Le Figaro « Les Américains paient leurs mauvais calculs au Sahel »

Washington se retrouve pris à contre-pied par l’intervention rapide de la France pour arrêter l’insurrection islamiste dans le nord du Mali.

Même si, selon les diplomates, l’heure est à la «consultation permanente» entre les deux rives de l’Atlantique sur le dossier malien, les Américains se retrouvent pris à contre-pied par l’intervention rapide et dénuée d’hésitations de la France pour arrêter l’insurrection islamiste dans le nord du Mali. «Il y a certainement à Washington un soutien et un vrai soulagement de voir les Français prendre l’initiative, vu l’urgence d’agir», note la directrice du programme Afrique au Centre pour les études stratégiques et internationales, Jennifer Cooke.

S’exprime même, notamment chez les néoconservateurs, un coup de chapeau à ces Français qui savent encore se comporter en «gendarmes de crise» et y aller (contrairement à l’Administration Obama, sous-entendent-ils). Mais l’action rapide de la France et les derniers développements sur le terrain jettent a contrario une lumière crue sur les naïvetés, les mauvais calculs et les échecs récents des Américains dans une région sahélienne où ils avaient massivement investi ces dernières années.

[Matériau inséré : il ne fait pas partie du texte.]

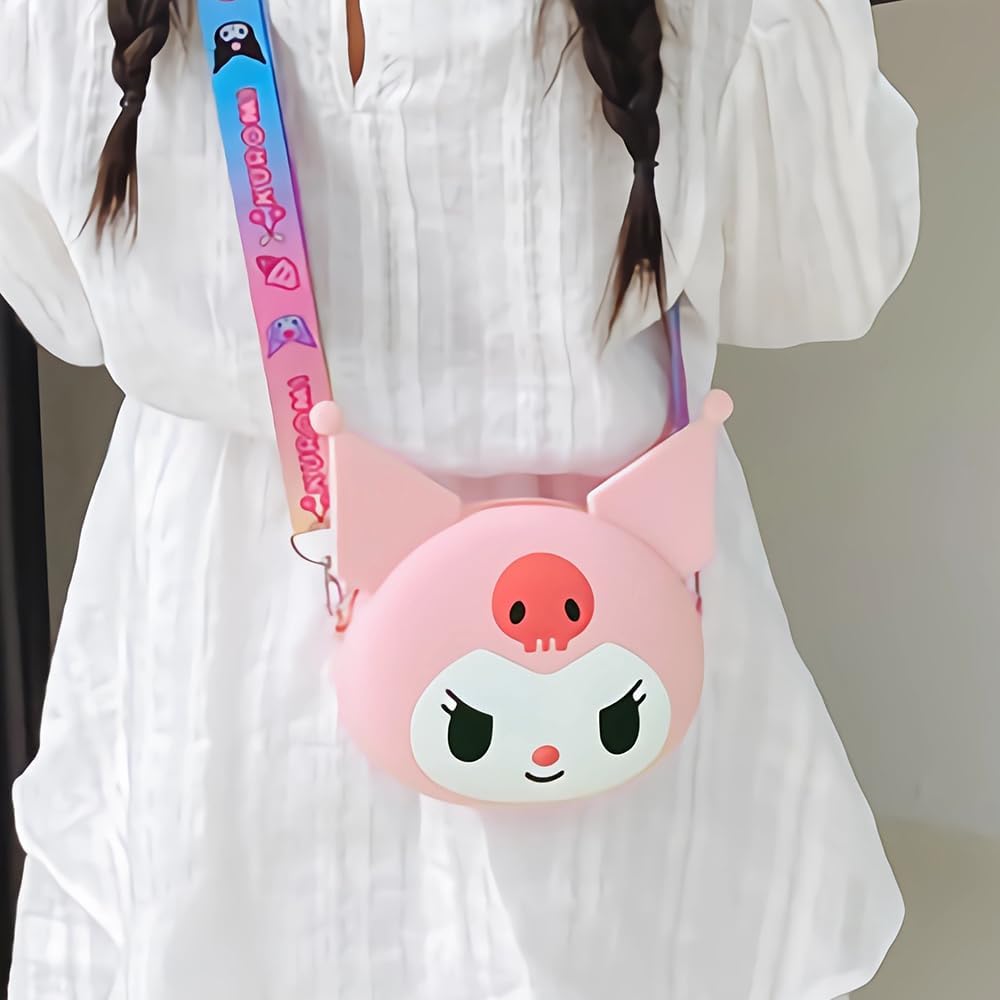 Cute Cartoon Girls Backpack Shoulder Bag Purse Portable Mini Silicone Handbag Girls Childrens Bagpurse For For Girls Women Gift Girls Bag Accessories (1 Pc Mix Color )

Depuis des mois, les États-Unis freinaient activement le déploiement des troupes de la Cédéao réclamées par le gouvernement malien, au motif que l’opération n’était pas suffisamment préparée. L’ambassadrice américaine à l’ONU, Susan Rice, avait carrément affirmé à l’automne que le plan soutenu par la France au Conseil de sécurité était «de la m…»

Aide logistique et drones

Un consensus avait finalement été trouvé à l’arraché en décembre pour voter une résolution autorisant le déploiement d’une force africaine. Mais Washington persistait à préconiser la lenteur, appelant à des élections préalables, le gouvernement malien étant issu d’un putsch… Ils s’inquiétaient d’une intervention trop ostentatoire, susceptible d’attirer vers le Mali les djihadistes du monde entier et de susciter une recrudescence d’actes terroristes en Occident. «Ces inquiétudes restent valides, mais le terrain a dicté d’agir différemment», reconnaît Jennifer Cooke, qui ne serait pas étonnée de voir les Français «forcés de jouer un rôle de premier plan plus longtemps que prévu».